Cuando pequeña vivía en el campo, en una localidad entre San Felipe y Quillota. Nunca fui al colegio porque mis papás no tenían ninguna motivación de educarnos ni a mí, ni a mis cuatro hermanos. Mi papá era alcohólico y mi mamá, al igual que yo, era analfabeta. Ya no me avergüenza decir esa palabra porque he aprendido a no tener vergüenza de lo que soy, y por eso hoy día estoy superándome.
Cuando tenía tres años, mi mamá decidió abandonar a mi papá. Eran tantos sus maltratos que no aguantó más. Pero nos dejó solos con él. Mi papá cantaba en un cabaret y ahí el mundo giraba en torno al alcohol. Mi hermano mayor era el que nos criaba y mantenía con lo que ganaba trabajando en las cosechas. Después de unos años, mi papá decidió darnos en adopción a mi hermana más chica y a mí. Así fue como cada una se fue a vivir con distintas familias. Cuando tenía 14, mi hermana mayor me fue a buscar porque yo no estaba bien. De la más chica nunca más supimos. Mi papá no nos dijo a quién se la había dado en adopción. Nos vinimos a Santiago, vivíamos en uno de esos cité y nos ganábamos la vida cantando en las micros, a capela. Cantábamos Pimpinela, Palmenia Pizarro, Rocío Dúrcal, de todo. Al tiempo conocí a mi marido y con él también estuvimos por años cantando en las micros.

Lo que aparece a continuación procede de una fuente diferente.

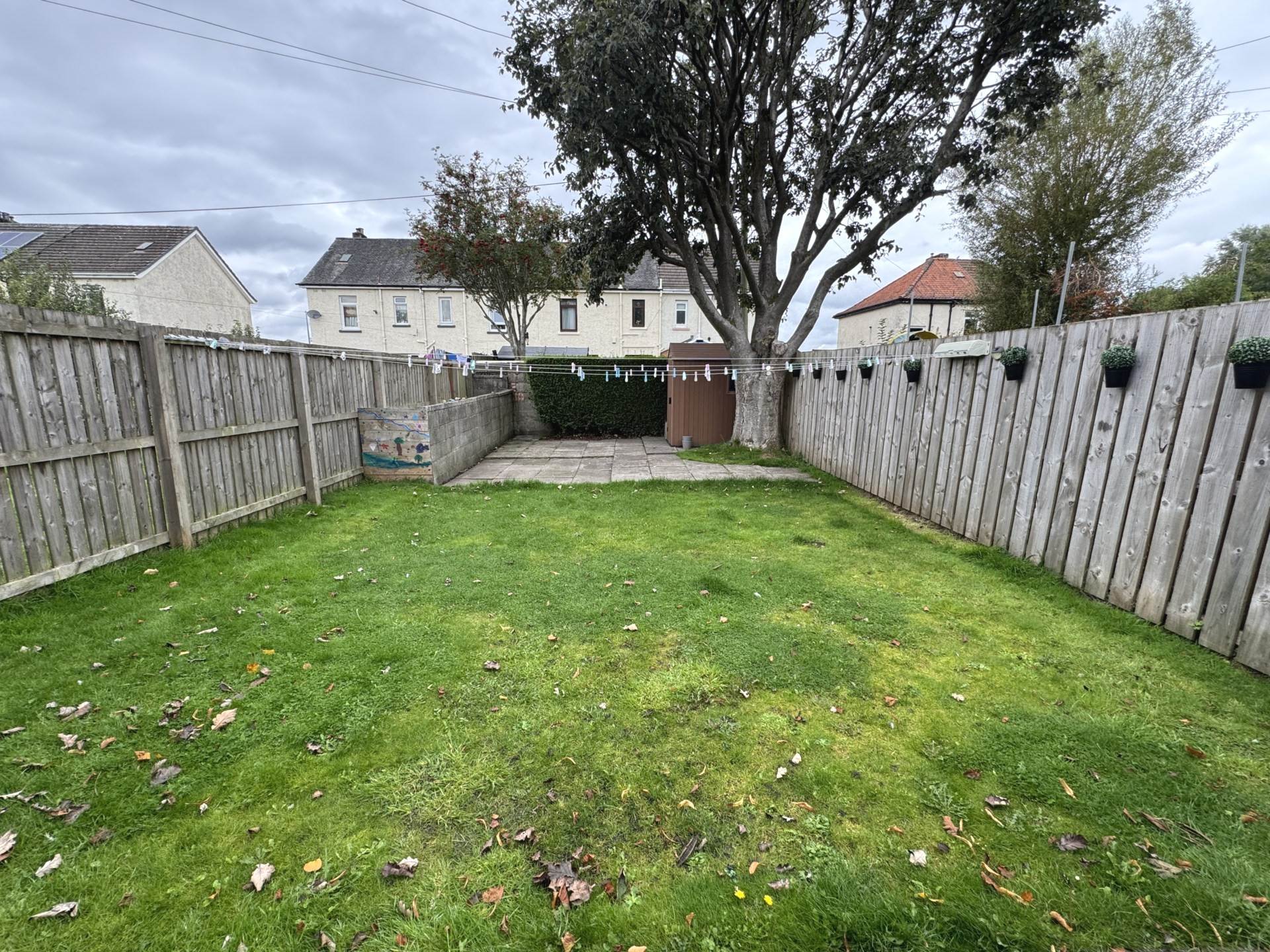 58 Athelstane Road, Glasgow, Image 21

Con mi marido nos separamos porque lamentablemente él también era maltratador. Siempre me apocó, me decía que era fea, analfabeta, que no valía nada. Y aunque me maltrataba físicamente, lo peor era el daño verbal, psicológico. Tuvimos cuatro hijas que lamentablemente se criaron viendo eso. Y fue un martirio, una etapa de mi vida muy fuerte.
Empecé a trabajar duro en lo que viniera, siempre que fuera honrado, porque tenía que sacar a mis hijos adelante. Hice aseo en casas y en supermercados hasta que hace cuatro años, gracias a Dios, encontré un trabajo estable en una heladería en la que hago un poco de todo, soy copera, pero también hago aseo, le cocino a los chiquillos; incluso a veces hago de barquillera. A la caja no me puedo meter porque ahí hay que saber de números y leer.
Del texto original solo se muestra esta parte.